DATA FOR THE TASK:

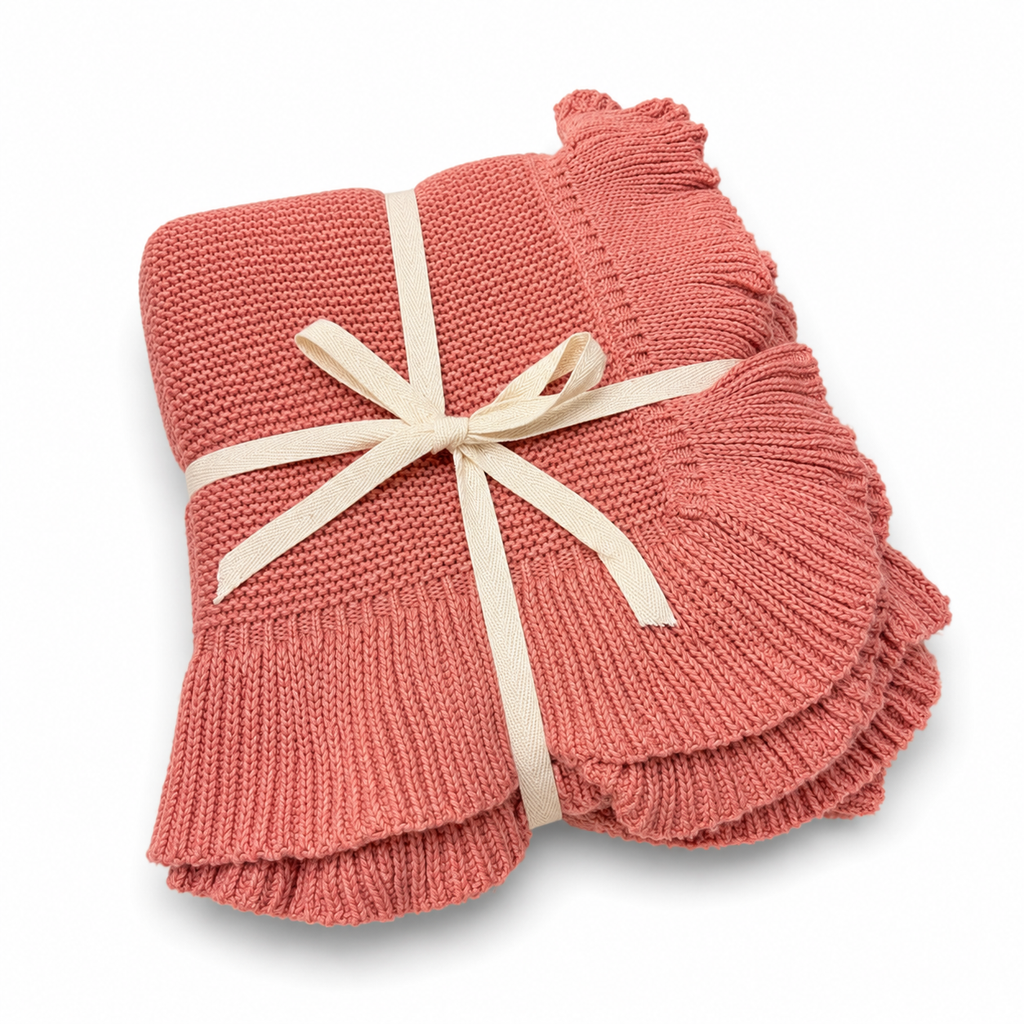 Cotton Heirloom Ruffle Baby Blanket - Salmon Pink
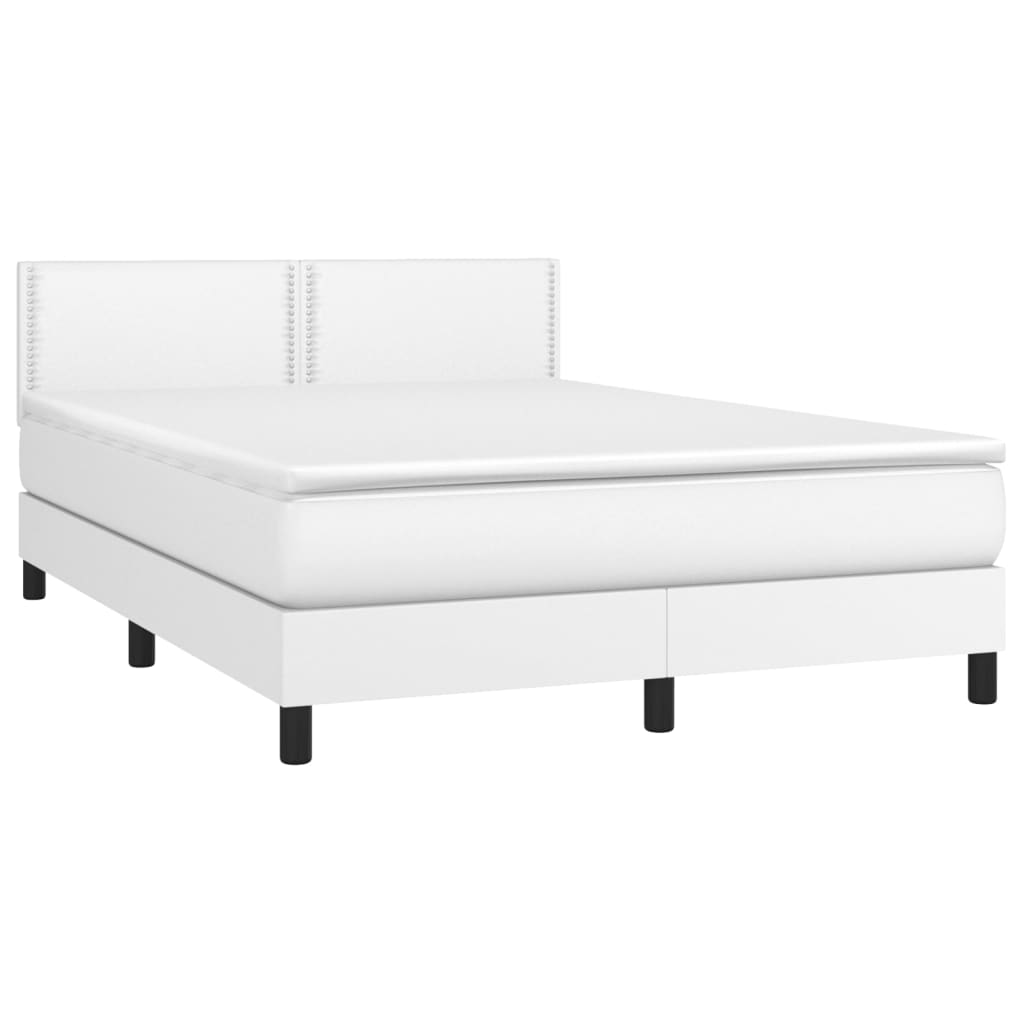 Pat box spring cu saltea, alb, 140x200 cm, piele ecologică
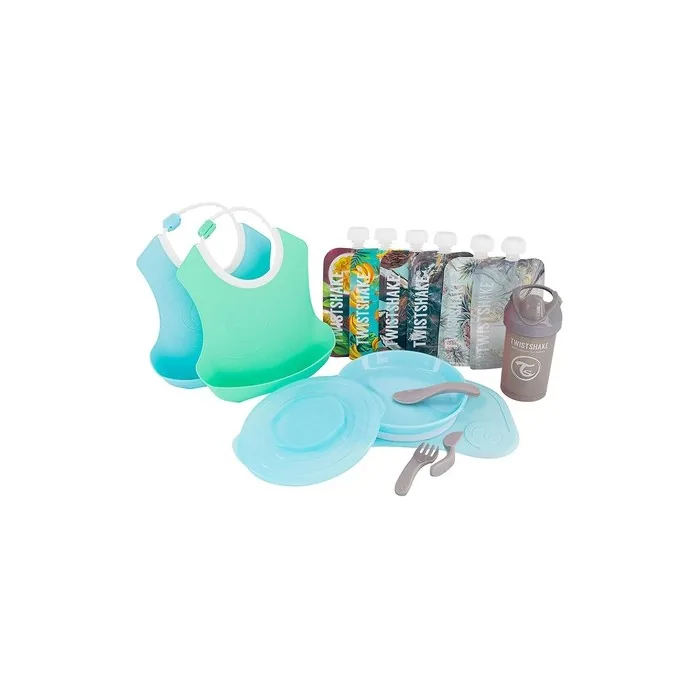 TWISTSHAKE Click-mat Mini Children's Crockery Set Bundle with Bibs, Drinking Bottle, and Squeeze Bags - Pastel Blue/Pastel Green
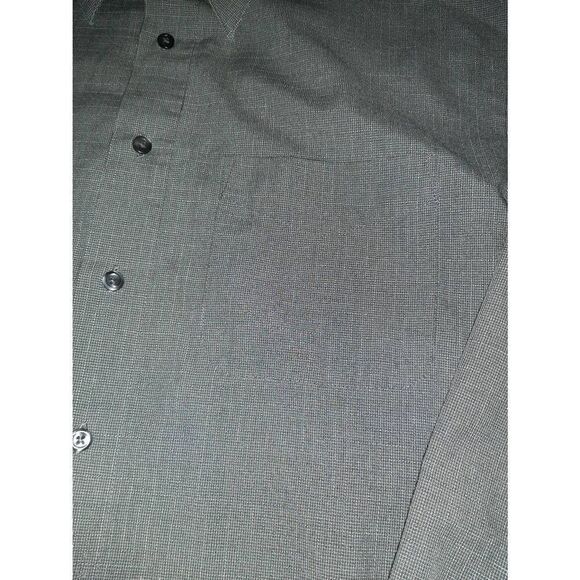 Mens 15-15.5 Arrow Wrinkle Free Dark Grey Long Sleeve Button Front Dress Shirt - Picture 3 of 3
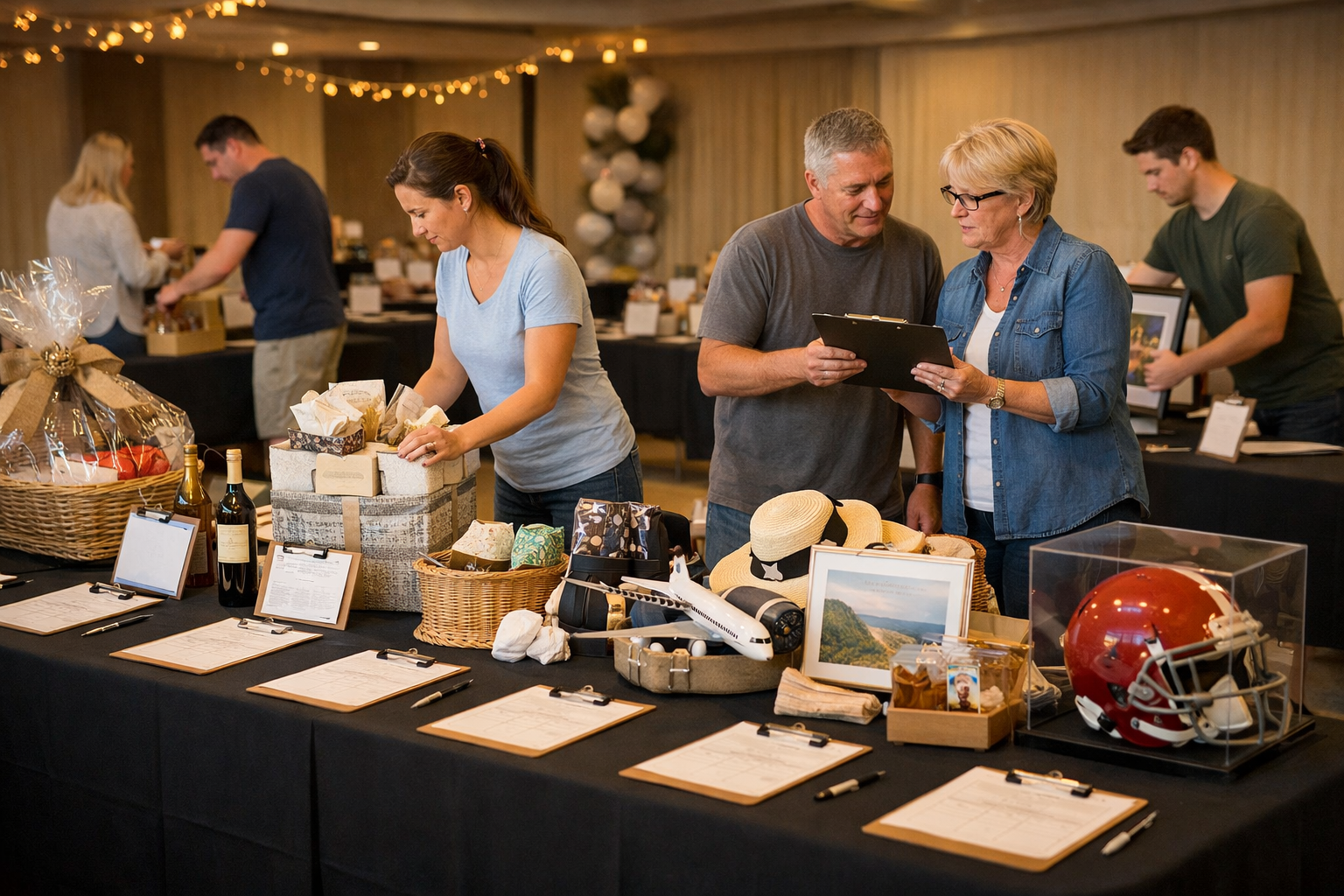 Volunteers organizing silent auction tables and bid sheets at a nonprofit fundraising event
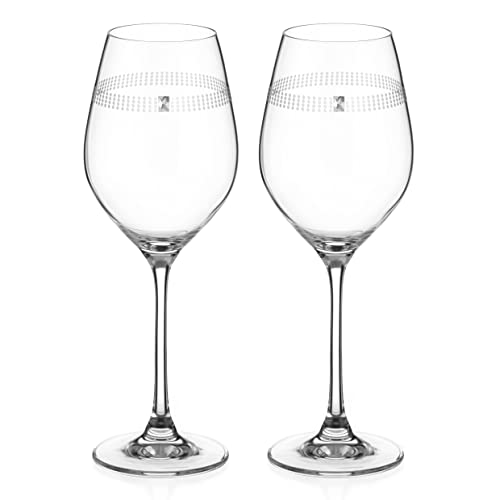 DIAMANTE Coppia di bicchieri da vino Swarovski  Love Always  – Set di 2 bicchieri da vino in cristallo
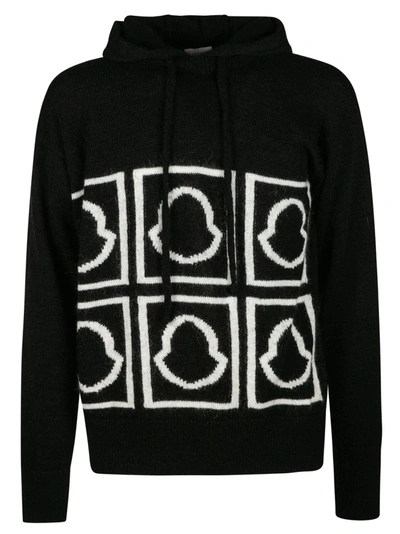 Shop Moncler Hooded Logo Knit Sweater In Black/white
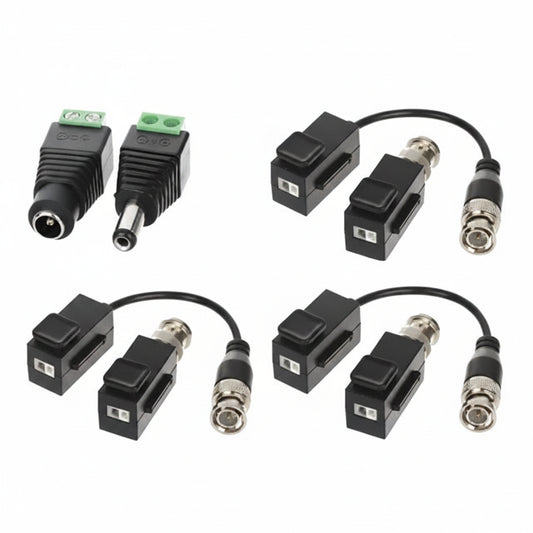 Kit Video Balun con Conector Hembra y Macho para Cámaras de Seguridad CCTV UTP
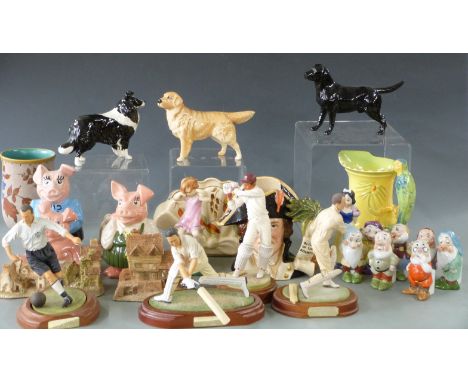 Royal Doulton Captain Bligh character jug, Beswick dogs, Royal Worcester child figure, Wade Nat West pigs, Art of Sport crick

TASK TO CARRY OUT: What you return must match, line for line, the span from the line containing "Kit Video Balun" through the last line of the listing above, with every picture omitted.

FINISHED TASK:
 Kit Video Balun con Conector Hembra y Macho para Cámaras de Seguridad CCTV UTP
 Royal Doulton Captain Bligh character jug, Beswick dogs, Royal Worcester child figure, Wade Nat West pigs, Art of Sport crick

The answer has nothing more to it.